◆ **To do**
What is needed is an exact repeat of the lines from the one holding "For Waltco Lift" through the final line of the data, with no pictures.
START Listed entries
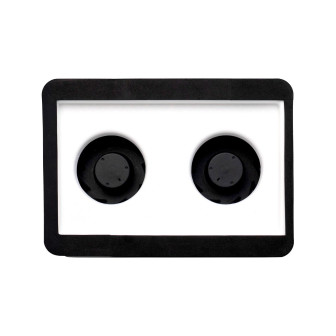 ULKA Tornado Einbau-Nagelstaubabsaugung – Weiß mit goldener Gitterabdeckung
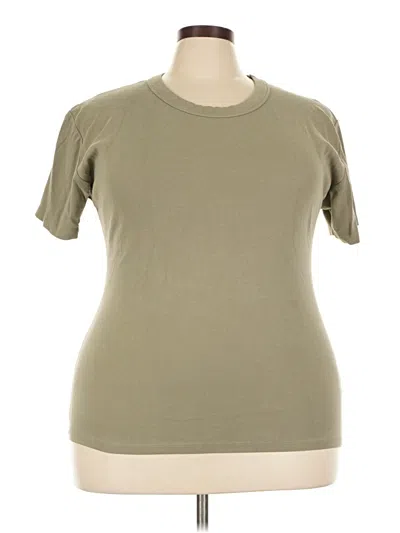 Pre-owned Assorted Brands Short Sleeve T-shirt In Green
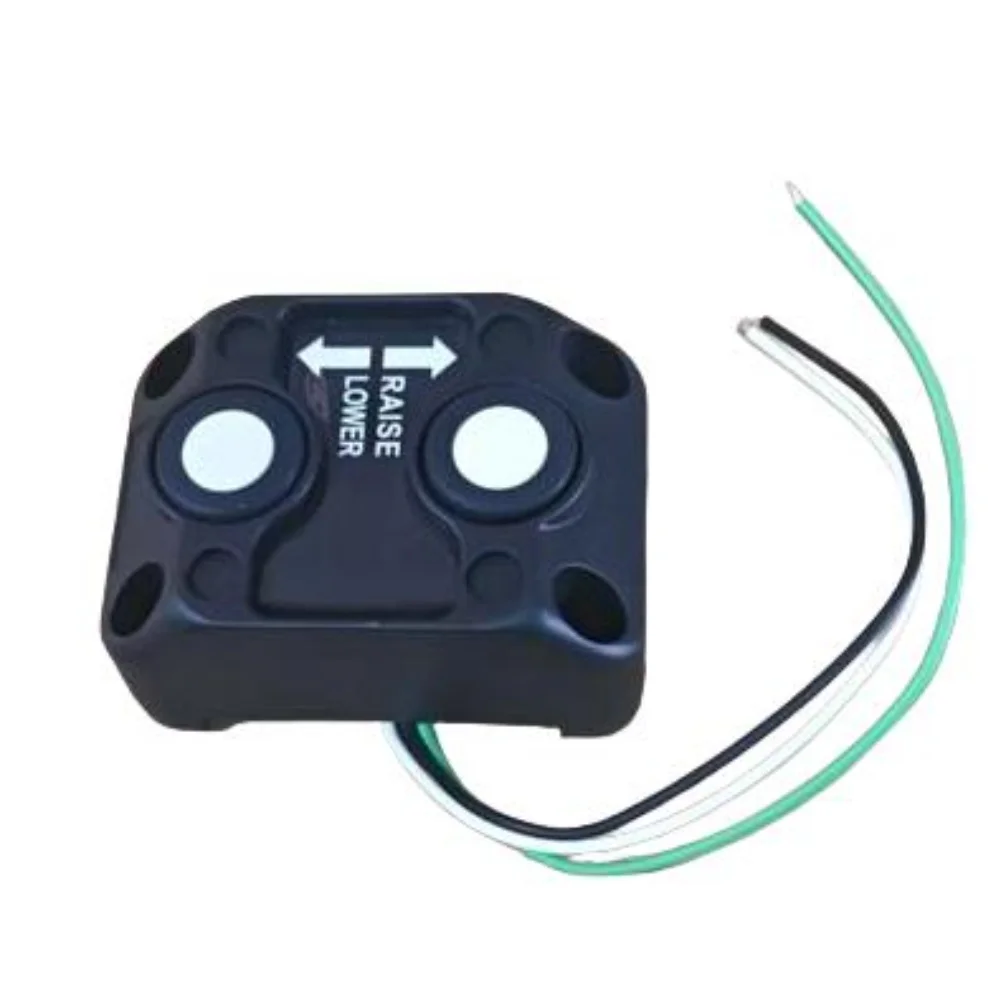 For Waltco Lift Gate Switch Button Raise Lower 3 Wires 800000425 Black Plastic Replacement Part For Truck Tailgate Control Syste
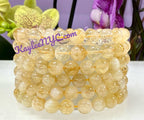 8mm Citrine Crystal Healing Stretch Bracelets 7.5" Energy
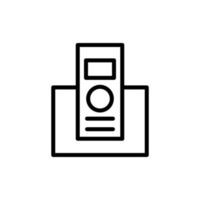 Phone, landline vector icon illustration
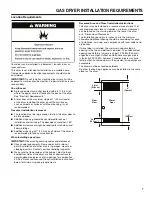 Предварительный просмотр 7 страницы Whirlpool CGM2745FQ Installation Instructions Manual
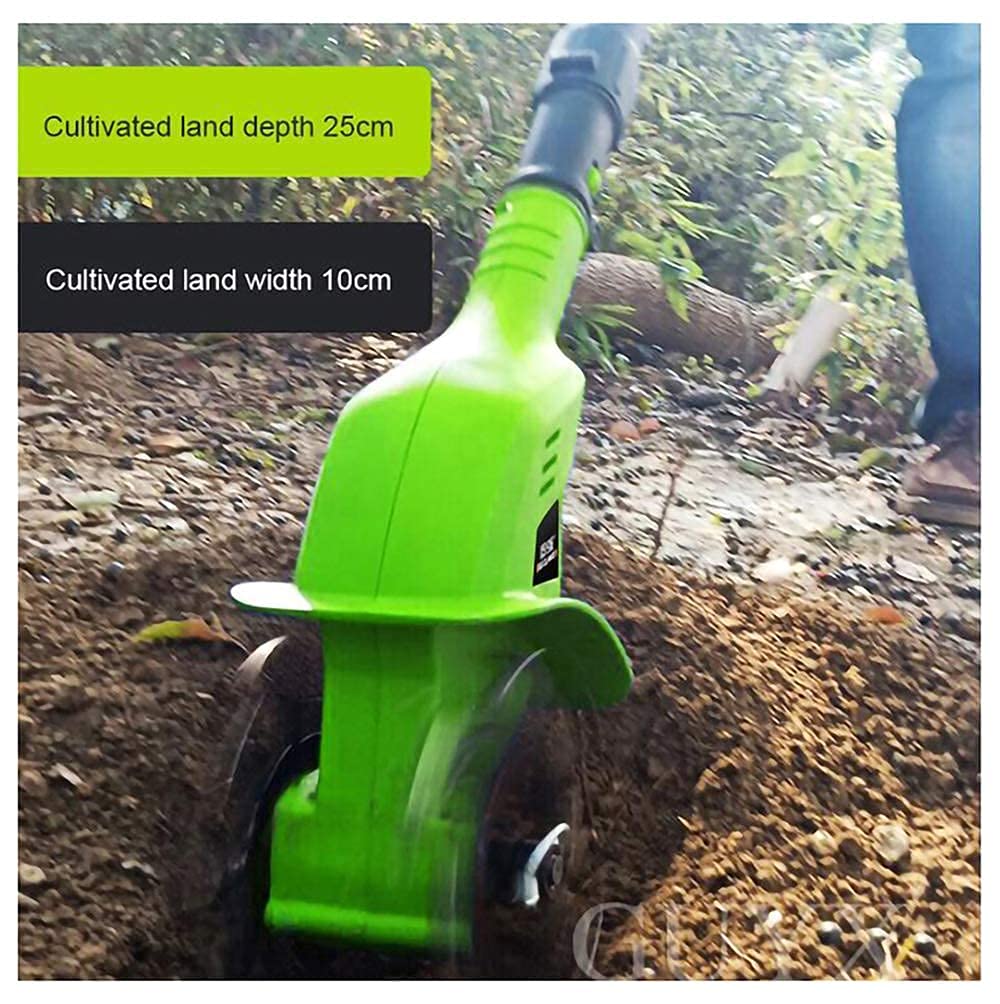 Motobineuse de Jardin, rotavateur sans Fil, 4000 mAh, motoculteur électrique, rotavateurs 97-127 cm, poignée réglable, houe, Outils de fraisage du Sol, cultivateur Portable pour Le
END Listed entries
◆ **Response**
 For Waltco Lift Gate Switch Button Raise Lower 3 Wires 800000425 Black Plastic Replacement Part For Truck Tailgate Control Syste
 8mm Citrine Crystal Healing Stretch Bracelets 7.5" Energy
 Phone, landline vector icon illustration
 Предварительный просмотр 7 страницы Whirlpool CGM2745FQ Installation Instructions Manual
 Motobineuse de Jardin, rotavateur sans Fil, 4000 mAh, motoculteur électrique, rotavateurs 97-127 cm, poignée réglable, houe, Outils de fraisage du Sol, cultivateur Portable pour Le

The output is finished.